Le nationalisme compensatoire

Proposons l'indépendance pour agir, et non pas l'action en attendant l'indépendance.

Tribune libre 2009

Texte publié dans Le Devoir du 22 novembre 2009 sous le titre "Indépendance et nationalisme provincial"
***
Il y a quelques semaines, on nous annonçait la tenue prochaine d'un colloque péquiste, et, précédant tout juste ce rassemblement, le lancement d'un livre de Jacques Parizeau.

Ceux que le potentiel de controverse de cette séquence d'événements faisait saliver, n'avaient peut-être pas prévu que l'ouvrage de l'ex-Premier Ministre éviterait la polémique, et oubliaient peut-être que le PQ, depuis un moment, est en mode " flou artistique ", donc difficile à coincer, quant à la réalisation de l'indépendance.

Ainsi, cette semaine s'est déroulée sans turbulence ni déchirage de chemise, tant et si bien que les médias n'ont pu que parler d'indépendance, et seulement d'indépendance, pendant plusieurs jours, sans la moindre diversion. Ça ne s'était pas vu depuis des siècles, et il faut, ne serait-ce que pour cela, saluer la sagesse, et le dévouement, de M. Parizeau, notre Yoda national (pensez-y, au delà d'une vague parenté physique, les deux personnages dans leur entièreté on plus en commun qu'il n'y paraît à prime abord ! ).

Sauf que, si on met en parallèle le discours de M. Parizeau et les vapeurs qui émanent actuellement du PQ, on trouve bel et bien un important clivage, tout aussi spectaculaire que si le premier avait accusé le second d'être dans les patates.

Alors que, d'un côté, on parle calmement et sereinement d'indépendance, de l'autre, on s'affaire surtout à manipuler l'ingrédient instable -- et déprimant, en ce qui me concerne -- du nationalisme provincial.

Loi 101, constitution, cour suprême, etc. Bref, on joue défensif, dans un film qu'on a vu et revu depuis quarante ans, dont on connaît l'issue, invariable : c'est Ottawa qui tranche.

Cette façon qu'a le parti Québécois d'aborder les questions d'identité et de langue, sans d'abord proposer un indépendantisme consistant et décomplexé, relève clairement de ce que j'appelle le nationalisme compensatoire.

Cette démarche, qui tend à poursuivre l'oeuvre nationaliste de l'Union Nationale et des Libéraux d'autrefois, et qui fait comme si nous n'avions pas foncé dans le mur canadien depuis, est devenue une mauvaise manie si on la regarde sous l'angle indépendantiste.
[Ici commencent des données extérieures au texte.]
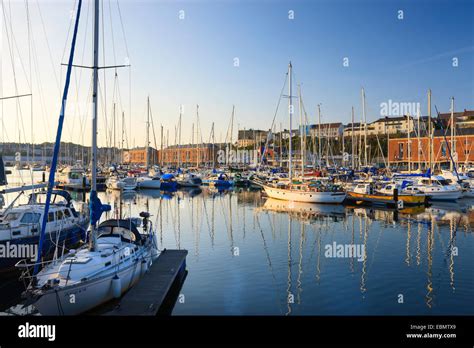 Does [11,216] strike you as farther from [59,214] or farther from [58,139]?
[58,139]

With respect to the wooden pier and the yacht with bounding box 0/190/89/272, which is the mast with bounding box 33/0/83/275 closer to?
the yacht with bounding box 0/190/89/272

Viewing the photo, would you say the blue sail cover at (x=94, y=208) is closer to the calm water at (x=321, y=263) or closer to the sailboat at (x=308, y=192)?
the calm water at (x=321, y=263)

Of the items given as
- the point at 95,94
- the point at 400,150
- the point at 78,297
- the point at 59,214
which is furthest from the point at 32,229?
the point at 400,150

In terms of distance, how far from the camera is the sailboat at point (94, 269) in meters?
13.0

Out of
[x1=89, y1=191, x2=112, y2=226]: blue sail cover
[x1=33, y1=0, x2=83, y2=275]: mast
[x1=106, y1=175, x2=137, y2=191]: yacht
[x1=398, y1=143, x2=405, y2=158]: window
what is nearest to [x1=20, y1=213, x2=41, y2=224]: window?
[x1=33, y1=0, x2=83, y2=275]: mast

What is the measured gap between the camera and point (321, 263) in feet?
72.0

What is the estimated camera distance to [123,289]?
15.4m

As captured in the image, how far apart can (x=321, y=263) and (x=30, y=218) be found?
14715 mm

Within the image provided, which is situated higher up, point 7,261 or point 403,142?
point 403,142

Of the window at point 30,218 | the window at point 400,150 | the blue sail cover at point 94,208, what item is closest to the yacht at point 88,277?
the blue sail cover at point 94,208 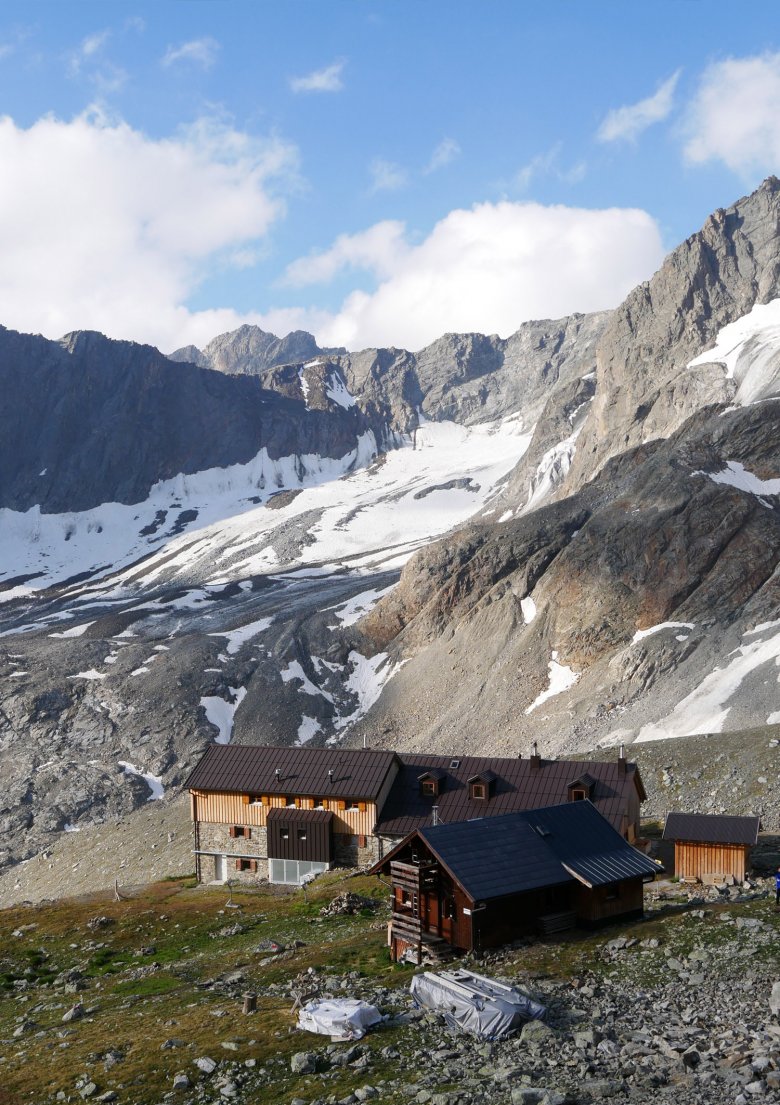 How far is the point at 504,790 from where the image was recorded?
5409 centimetres

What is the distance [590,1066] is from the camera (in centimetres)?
2153

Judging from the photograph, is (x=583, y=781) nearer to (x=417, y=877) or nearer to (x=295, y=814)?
(x=295, y=814)

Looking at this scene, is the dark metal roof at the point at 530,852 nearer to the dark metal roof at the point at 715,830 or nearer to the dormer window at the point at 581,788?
the dark metal roof at the point at 715,830

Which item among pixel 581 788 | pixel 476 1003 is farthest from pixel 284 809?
pixel 476 1003

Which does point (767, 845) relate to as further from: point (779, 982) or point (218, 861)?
point (218, 861)

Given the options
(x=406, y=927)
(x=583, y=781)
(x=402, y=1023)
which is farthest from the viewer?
(x=583, y=781)

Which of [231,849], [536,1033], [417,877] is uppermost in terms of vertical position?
[417,877]

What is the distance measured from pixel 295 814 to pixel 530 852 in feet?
81.0

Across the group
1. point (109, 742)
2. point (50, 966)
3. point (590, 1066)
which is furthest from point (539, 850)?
point (109, 742)

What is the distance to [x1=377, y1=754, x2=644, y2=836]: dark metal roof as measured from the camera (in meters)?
51.8

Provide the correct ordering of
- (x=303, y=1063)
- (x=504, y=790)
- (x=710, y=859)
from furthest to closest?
(x=504, y=790)
(x=710, y=859)
(x=303, y=1063)

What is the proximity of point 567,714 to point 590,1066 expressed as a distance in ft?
236

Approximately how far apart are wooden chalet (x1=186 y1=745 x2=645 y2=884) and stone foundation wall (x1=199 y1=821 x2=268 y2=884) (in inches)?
2.4

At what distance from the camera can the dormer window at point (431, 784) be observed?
2205 inches
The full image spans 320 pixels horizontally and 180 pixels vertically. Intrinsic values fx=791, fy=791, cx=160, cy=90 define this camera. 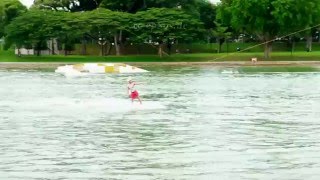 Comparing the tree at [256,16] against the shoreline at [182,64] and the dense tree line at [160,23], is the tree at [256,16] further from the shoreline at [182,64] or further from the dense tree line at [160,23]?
the shoreline at [182,64]

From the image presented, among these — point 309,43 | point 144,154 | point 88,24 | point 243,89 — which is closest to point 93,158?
point 144,154

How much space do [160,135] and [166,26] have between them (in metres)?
64.1

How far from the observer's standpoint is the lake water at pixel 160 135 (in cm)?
1689

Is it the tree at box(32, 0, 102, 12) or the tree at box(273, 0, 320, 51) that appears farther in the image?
the tree at box(32, 0, 102, 12)

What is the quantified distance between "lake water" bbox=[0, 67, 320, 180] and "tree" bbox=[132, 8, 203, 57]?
148ft

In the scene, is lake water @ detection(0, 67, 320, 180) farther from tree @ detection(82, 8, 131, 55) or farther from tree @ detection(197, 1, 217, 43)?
tree @ detection(197, 1, 217, 43)

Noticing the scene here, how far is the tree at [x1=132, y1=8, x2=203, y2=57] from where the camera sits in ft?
283

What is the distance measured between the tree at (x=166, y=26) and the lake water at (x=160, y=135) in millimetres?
45252

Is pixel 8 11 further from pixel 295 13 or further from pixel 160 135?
pixel 160 135

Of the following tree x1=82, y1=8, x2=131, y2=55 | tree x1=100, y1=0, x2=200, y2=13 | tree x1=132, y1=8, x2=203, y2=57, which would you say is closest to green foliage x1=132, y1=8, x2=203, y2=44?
tree x1=132, y1=8, x2=203, y2=57

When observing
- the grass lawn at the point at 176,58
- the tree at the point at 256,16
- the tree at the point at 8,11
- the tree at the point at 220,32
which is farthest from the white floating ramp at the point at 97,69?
the tree at the point at 220,32

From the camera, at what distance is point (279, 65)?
77.5m

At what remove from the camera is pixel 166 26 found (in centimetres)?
8619

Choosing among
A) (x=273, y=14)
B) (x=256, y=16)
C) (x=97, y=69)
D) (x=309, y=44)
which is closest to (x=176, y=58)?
(x=256, y=16)
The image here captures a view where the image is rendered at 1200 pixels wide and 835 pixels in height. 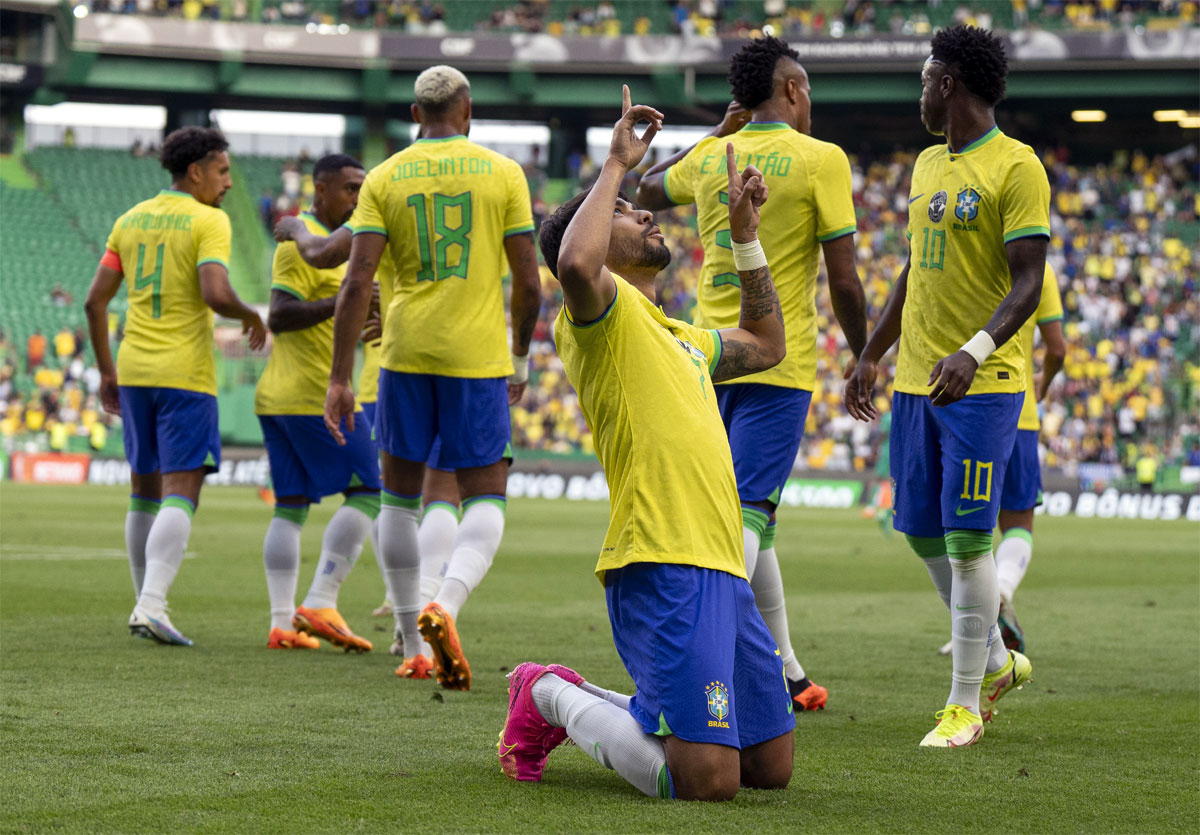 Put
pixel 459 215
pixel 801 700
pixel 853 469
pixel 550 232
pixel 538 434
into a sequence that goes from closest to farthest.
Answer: pixel 550 232, pixel 801 700, pixel 459 215, pixel 853 469, pixel 538 434

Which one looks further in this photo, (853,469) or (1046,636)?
(853,469)

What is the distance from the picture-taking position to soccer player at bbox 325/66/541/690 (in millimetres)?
6359

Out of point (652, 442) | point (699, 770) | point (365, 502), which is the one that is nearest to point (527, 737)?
point (699, 770)

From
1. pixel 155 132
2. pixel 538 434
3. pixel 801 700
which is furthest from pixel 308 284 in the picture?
pixel 155 132

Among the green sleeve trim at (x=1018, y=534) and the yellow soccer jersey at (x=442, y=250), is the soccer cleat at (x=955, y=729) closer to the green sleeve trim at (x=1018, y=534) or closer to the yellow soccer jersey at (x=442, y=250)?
the yellow soccer jersey at (x=442, y=250)

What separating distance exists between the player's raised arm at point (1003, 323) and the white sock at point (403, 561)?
2573 mm

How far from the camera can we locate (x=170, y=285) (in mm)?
7887

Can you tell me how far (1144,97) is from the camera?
3866 cm

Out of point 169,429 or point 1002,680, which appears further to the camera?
point 169,429

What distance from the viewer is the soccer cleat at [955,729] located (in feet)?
16.4

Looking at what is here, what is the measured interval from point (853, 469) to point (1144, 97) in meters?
15.9

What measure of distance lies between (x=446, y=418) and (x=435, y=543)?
73 cm

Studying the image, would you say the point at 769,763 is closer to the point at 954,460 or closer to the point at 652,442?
the point at 652,442

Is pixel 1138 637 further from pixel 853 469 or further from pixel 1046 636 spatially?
pixel 853 469
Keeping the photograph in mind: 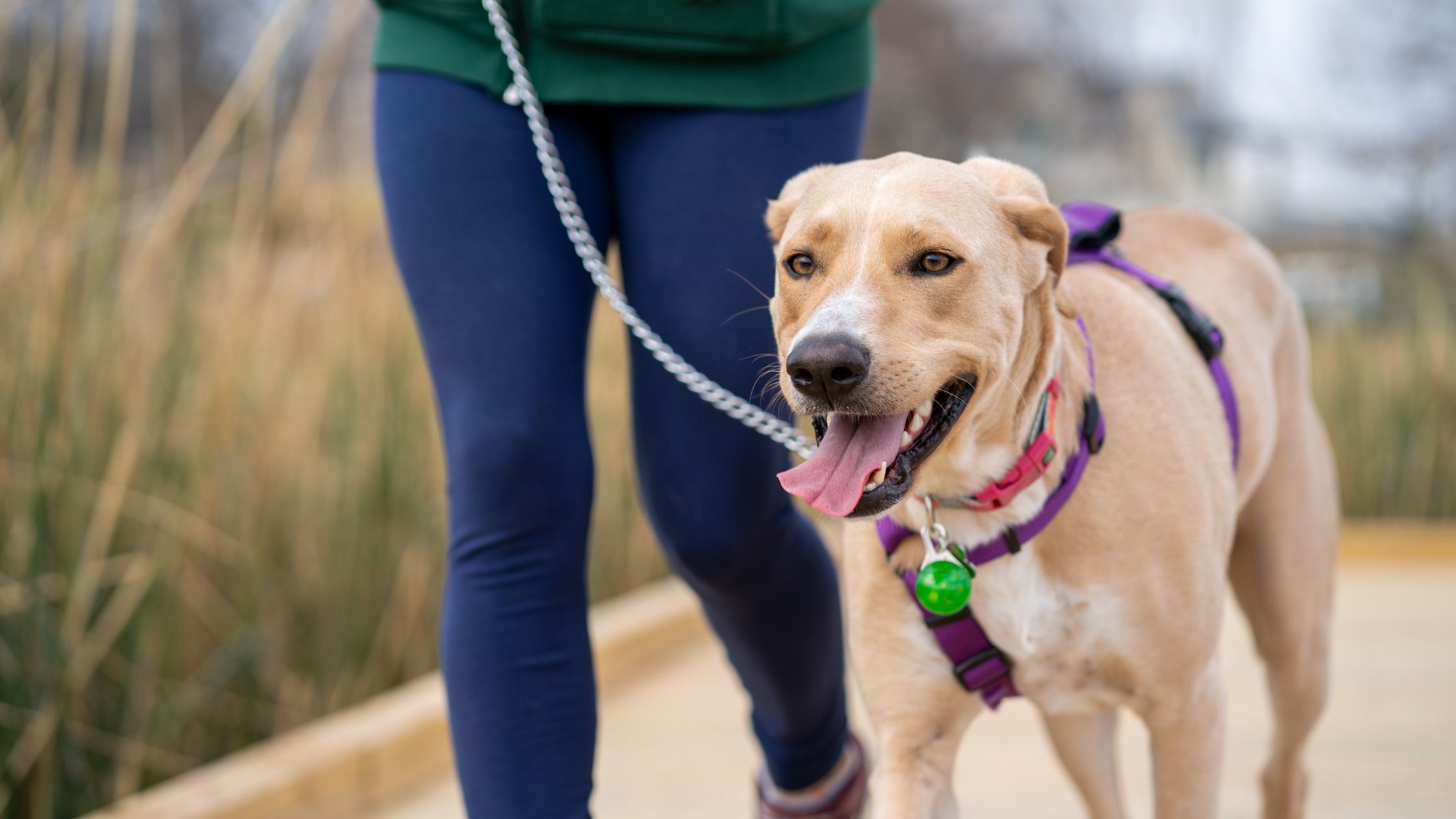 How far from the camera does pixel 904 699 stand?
2.18 meters

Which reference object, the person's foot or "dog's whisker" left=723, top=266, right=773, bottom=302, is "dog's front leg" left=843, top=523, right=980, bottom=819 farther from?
the person's foot

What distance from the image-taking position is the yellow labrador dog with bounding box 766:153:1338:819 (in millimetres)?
1917

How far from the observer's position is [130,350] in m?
3.40

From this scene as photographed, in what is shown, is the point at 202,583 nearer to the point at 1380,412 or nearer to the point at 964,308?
the point at 964,308

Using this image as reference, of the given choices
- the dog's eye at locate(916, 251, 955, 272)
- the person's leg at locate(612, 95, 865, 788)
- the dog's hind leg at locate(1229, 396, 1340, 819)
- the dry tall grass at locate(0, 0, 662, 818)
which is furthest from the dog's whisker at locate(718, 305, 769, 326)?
the dry tall grass at locate(0, 0, 662, 818)

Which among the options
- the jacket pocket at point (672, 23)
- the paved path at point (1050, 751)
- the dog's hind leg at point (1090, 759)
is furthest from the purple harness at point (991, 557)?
the paved path at point (1050, 751)

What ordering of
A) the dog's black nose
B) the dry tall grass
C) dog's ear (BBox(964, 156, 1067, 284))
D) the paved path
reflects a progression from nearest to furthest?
the dog's black nose < dog's ear (BBox(964, 156, 1067, 284)) < the dry tall grass < the paved path

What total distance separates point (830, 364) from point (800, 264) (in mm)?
330

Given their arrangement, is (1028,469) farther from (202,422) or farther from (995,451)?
(202,422)

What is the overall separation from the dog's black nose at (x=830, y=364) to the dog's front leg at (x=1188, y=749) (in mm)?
797

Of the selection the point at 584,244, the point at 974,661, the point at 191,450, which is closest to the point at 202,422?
the point at 191,450

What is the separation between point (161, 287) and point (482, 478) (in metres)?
2.06

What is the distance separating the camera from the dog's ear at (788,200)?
2.20 m

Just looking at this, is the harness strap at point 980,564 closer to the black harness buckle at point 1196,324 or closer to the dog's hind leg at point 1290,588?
the black harness buckle at point 1196,324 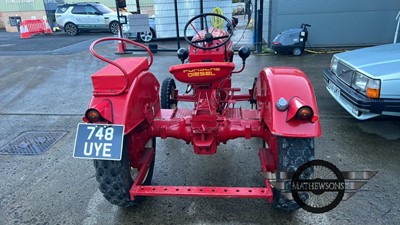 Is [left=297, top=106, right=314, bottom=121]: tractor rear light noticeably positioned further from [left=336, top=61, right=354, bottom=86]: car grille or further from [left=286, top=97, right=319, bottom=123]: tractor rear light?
[left=336, top=61, right=354, bottom=86]: car grille

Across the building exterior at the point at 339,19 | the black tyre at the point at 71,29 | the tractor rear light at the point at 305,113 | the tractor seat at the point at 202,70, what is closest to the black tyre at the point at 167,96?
the tractor seat at the point at 202,70

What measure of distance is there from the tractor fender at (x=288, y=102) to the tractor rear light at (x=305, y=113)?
0.03m

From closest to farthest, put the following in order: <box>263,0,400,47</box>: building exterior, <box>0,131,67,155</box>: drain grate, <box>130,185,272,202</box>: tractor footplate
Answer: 1. <box>130,185,272,202</box>: tractor footplate
2. <box>0,131,67,155</box>: drain grate
3. <box>263,0,400,47</box>: building exterior

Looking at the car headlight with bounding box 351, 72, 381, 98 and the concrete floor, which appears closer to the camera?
the concrete floor

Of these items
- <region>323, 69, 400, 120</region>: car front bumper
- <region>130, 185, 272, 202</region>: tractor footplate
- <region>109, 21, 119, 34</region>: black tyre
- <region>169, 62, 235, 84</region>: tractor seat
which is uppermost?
<region>169, 62, 235, 84</region>: tractor seat

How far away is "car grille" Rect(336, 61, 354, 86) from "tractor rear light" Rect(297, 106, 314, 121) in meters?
2.45

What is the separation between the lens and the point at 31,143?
4.09 m

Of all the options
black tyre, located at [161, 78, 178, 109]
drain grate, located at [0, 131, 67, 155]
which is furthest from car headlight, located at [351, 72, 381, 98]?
drain grate, located at [0, 131, 67, 155]

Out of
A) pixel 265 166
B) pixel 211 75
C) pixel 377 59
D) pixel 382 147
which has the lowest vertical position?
pixel 382 147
Parce que, non seulement est-elle porteuse d'autant de défis électoraux que l'indépendance elle-même, sinon plus parce qu'elle ajoute le fardeau de la suspicion d'un l'échéancier caché, mais en plus, ceux qui la proposent font du même souffle la démonstration, volontaire ou non, qu'il est possible de satisfaire les aspirations québécoises à l'intérieur de la tutelle fédérale.

À mon sens, l'indépendance devrait être favorisée comme moyen de régler les questions identitaires, et non le cadre provincial.
Proposons l'indépendance pour agir, et non pas l'action en attendant l'indépendance.
On peut être en accord ou non avec ce que j'avance ici. Mais on doit admettre que cette semaine, et depuis un certain temps, Parizeau et le PQ ne parlent pas de la même chose.




Nic Payne
Montréal



Laissez un commentaire



2 commentaires

  • Jean-François-le-Québécois Répondre

    23 novembre 2009

    @ Monsieur N. Payne:
    Vous dites: «tout aussi spectaculaire que si le premier avait accusé le second d’être dans les patates».
    Mais, à mon avis, c'est bien ce que fait monsieur Parizeau, même s'il n'utilise pas exactement ces termes-là! Et le PQ actuel, depuis l'ère Boisclair jusqu'à aujourd'hui, le méritait amplement!
    Écoutez, pour qu'une véritable farce telle que l'ADQ devienne l'opposition officielle, aux avant-dernières élections, et que maintenant QS aille chercher des partisans déçus du PQ en s'étant déclaré un parti souverainiste (alors que Françoise David refusait de se prononcer sur la question, au début), il faut bien en conclure que le PQ a besoin de faire le ménage, et de corriger le tir.

  • Archives de Vigile Répondre

    22 novembre 2009

    En bref, Monsieur Payne, il faut parler clair, ce que le PQ ne fait pas depuis Parizeau. Il affectionne les faux semblants.
    C'est toujours un plaisir de vous lire.